The end reminded me of Death Proof, which made me love it even more. Pennywise was basically Stuntman Mike through and through. They even shared the same shift in personality. Both became a mess of blubbering fear.

Simplex
Jun 29, 2003

Punch Drunk Drewsky posted:

I definitely could be not remembering it correctly. But let's go with this, Henry yelled, "Get the gently caress out of my town." We've got emboldened bigots across the country yelling, "Get the gently caress out of my country," at PoC regardless of whether they were born here or not.

Hell, Steve Bannon just gave that painful Charlie Rose interview where he was adding a layer of gloss to the same sentiment. "Get the gently caress out of my town (country)" is blatantly racist, and (to me at least) is less sanitized than "Your kind don't belong here" or a similar statement that would come off as almost faux Western dialogue ("We don't take kindly to your type" etc.)

Those bigots will swear up and down that they are not bigoted, because they didn't say the magic bigot words. That you are the one who is bigoted because you are the one making it about race. "You're kind don't belong here," sounds archaic, because at this point it is cliche with a history of being a specific reference to racial prejudice. If a white character says it to a black character there is no doubt in anybody's mind by what is meant by "your kind." The approach the movie takes is to try to have the best of both worlds. Of course it's all about Mike's race, but because that's never explicit, nobody ever really has to confront the ugliness of it. You can just ignore it, or even go as far as pretending it's not about his race.

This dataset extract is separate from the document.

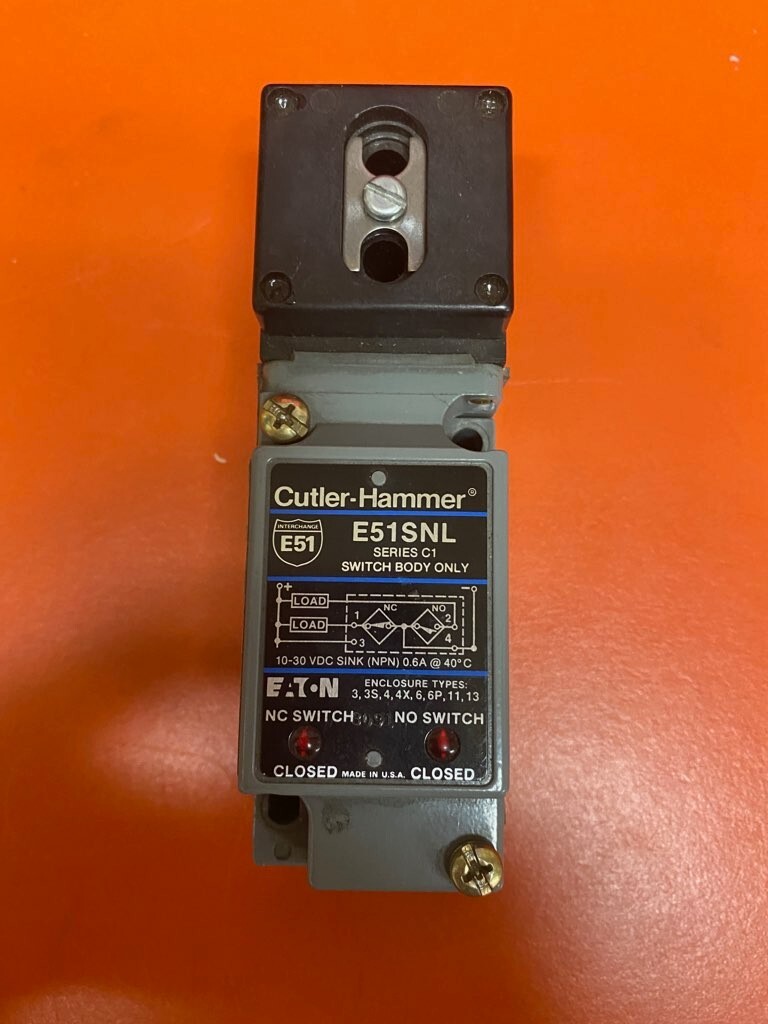 CH Cutler Hammer E51SNL Limit Switch on E51RN Receptacle With E51DF33 Head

I should further clarify my personal position is that I think it's kind of weird to want to see more racism in a movie. I don't necessarily have a problem with the movies treatment of Mike as much as I have a problem with the movie's treatment of Bev in contrast to Mike. If Muschietti took a no-holds barred approach, and showed everything in all of its ugliness, I would be fine with that. If he kept Mike how he is, and toned down the leering and creepiness surrounding Bev, I would be fine with that too. I don't think he comes off as outright woman-hating as Joseph Kosinski does in Oblivion, but that's the last movie I remember seeing that I thought the gender politics were so outright indefensible.

SuperMechagodzilla
Jun 9, 2007

NEWT REBORN

Punch Drunk Drewsky posted:

Not sure what you're getting at with Mike or that Bev is playing their game. She's the one who reaches out to them so that they can see the results of her realized trauma with the blood soaked bathroom. Concepts blend as they slowly find common ground to communicate their experiences.

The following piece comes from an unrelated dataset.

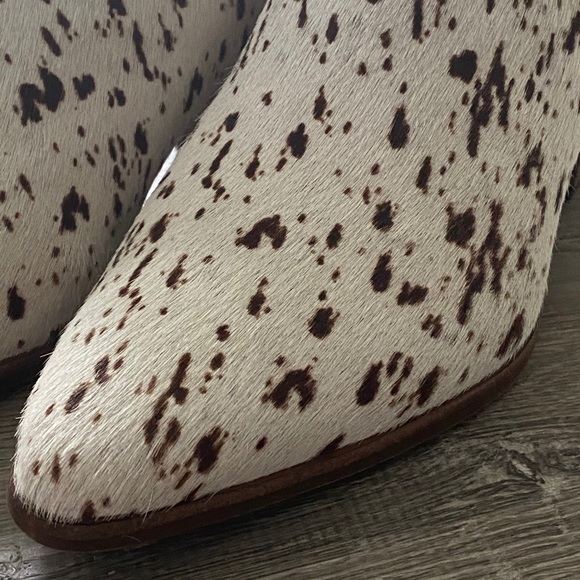 Lucky Brand | Radah Cowhair Western Ankle Boot - Picture 6 of 10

Mike is a victim of racism/white supremacism in the same way that Beverley is a victim of sexism/patriarchy. Consequently, his fear is borderline non-anthropomorphic (an abstract cluster of grasping hands) - but Mike is still 'too childish', and so the hands immediately resolve into the figure of the clown. Again: beating up Pennywise doesn't do anything to fight racism. Mike is retreating from the real horror - that his parents burned to death for no reason at all. Pennywise is presented as merely a doll, with a head made of plaster. He's a pinata.

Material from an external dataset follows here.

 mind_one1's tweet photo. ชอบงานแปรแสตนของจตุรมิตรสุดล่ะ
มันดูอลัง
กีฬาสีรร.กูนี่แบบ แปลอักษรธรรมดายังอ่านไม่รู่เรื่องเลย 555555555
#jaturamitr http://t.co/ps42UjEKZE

You're right about Beverley being the one who brings the kids together and emboldens them to share their silly fears, but the game that functions as a banishing ritual (where they beat a clown doll with sticks and then become blood-brothers) is the boys' invention. In It Follows, this is exactly the swimming pool sequence - where the younger/less-mature kids likewise play a game of summoning and then clumsily battling a shapeshifting fear-creature that appears (though they don't realize it) as the molested girl's father.

'Bringing people together' is not good in and of itself; what we have in IT is unmistakably similar to 'satanic panic' conspiracy theories. Note all this thread's credulous assertions that Derry is hosed up not because of socioeconomic factors, but because of the shapeshifting reptilian pedophile who abducts children into secret tunnels beneath the town.... Setting the film in the 1980s only amplifies this aspect of the narrative.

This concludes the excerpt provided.